Animation is not anointing

‘Now for some time a man named Simon had practiced sorcery in the city and amazed all the people of Samaria. He boasted that he was someone great, and all the people, both high and low, gave him their attention and exclaimed, “This man is the divine power known as the Great Power.” They followed him because he had amazed them for a long time with his magic.’  Acts 8:9-11
A number of years ago people started taking notice of a man in Nigeria who called himself ‘the anointed man of God’. I heard of him when a couple from my congregation told me that they were going to Lagos to receive ministry for healing. The husband was suffering from a debilitating wasting disease and the wife’s brother had full blown aids.
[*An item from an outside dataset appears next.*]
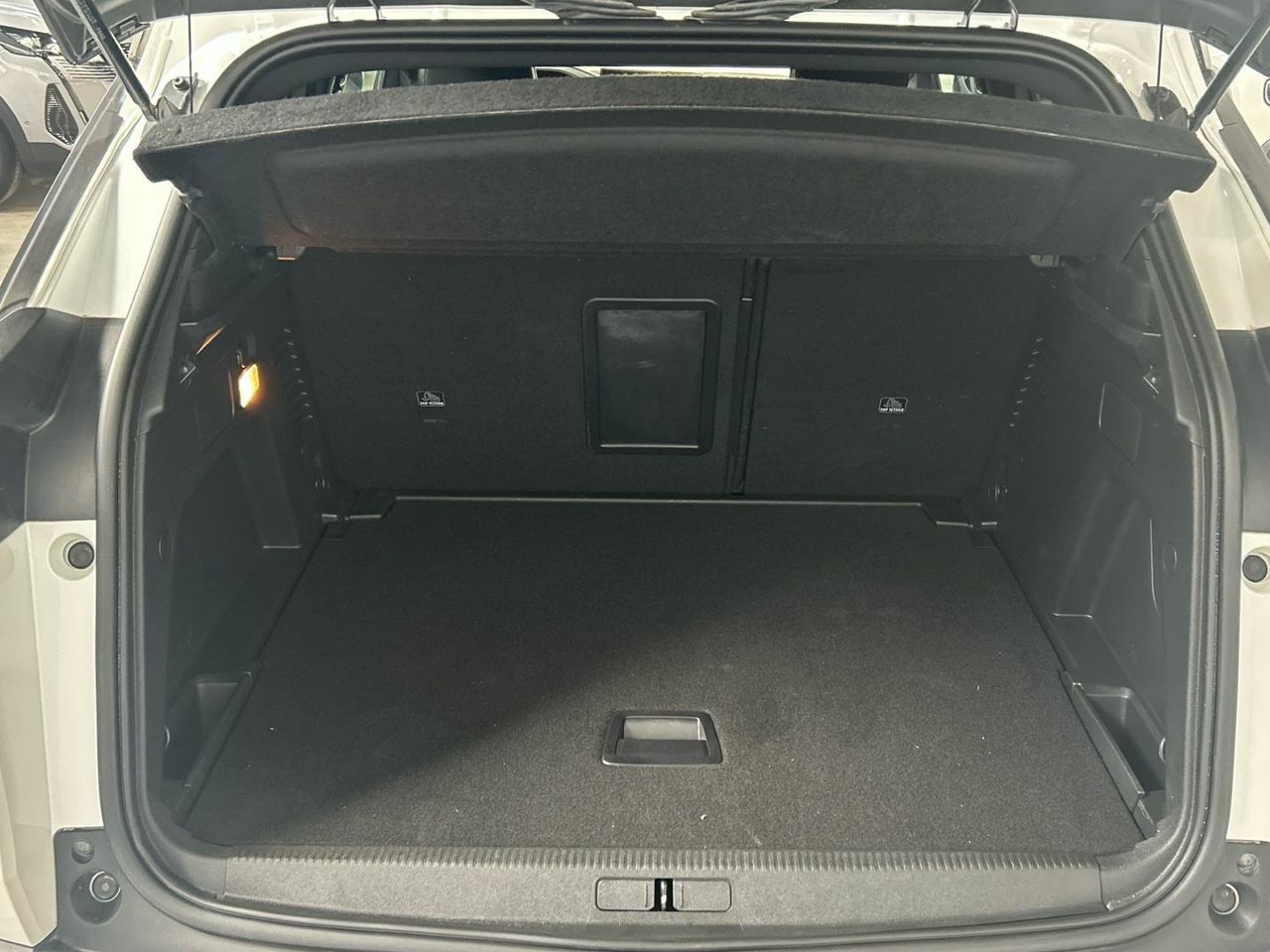 Peugeot 3008 BlueHDi 130 S&S Allure Pack EAT8 96 kW (130 CV) - foto 6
I made some enquires, scanned the internet, and viewed a video that someone gave me. What I discovered distressed me considerably. The ‘anointed man of God’ showed every indication of being anything but what he claimed to be. The video showed him contorting into weird animistic postures and appearing to strike down people with a gesture or even a look. He mesmerised and confused, bamboozled and bluffed, and claimed great healings and miracles. I counselled the two not to receive ministry from this man but they went anyway.

The one with aids came back to South Africa and got retested only to find that his condition had not changed. He contacted the ‘anointed man’ in Lagos and was told to come back and to testify to the crowds there that he had been healed. This act of ‘faith’ would heal him, he was told. He flew back to Lagos and testified to his ‘healing’. A few months later he died. I saw his brother in law just the other day. His disease has progressed and he definitely is not healed in any way.

In the days of Acts, Simon the magician claimed to be someone great and amazed the people with his skills and occult powers. He was animated, for sure, but not anointed of God. So too in our day, there are people who claim what Simon Magus claimed, and behave as he did. If it is not the faith healers of the Philippians performing psychic surgery, then it is the ‘prophet’ of Lagos working his magic under the power of water spirits and other animistic influences.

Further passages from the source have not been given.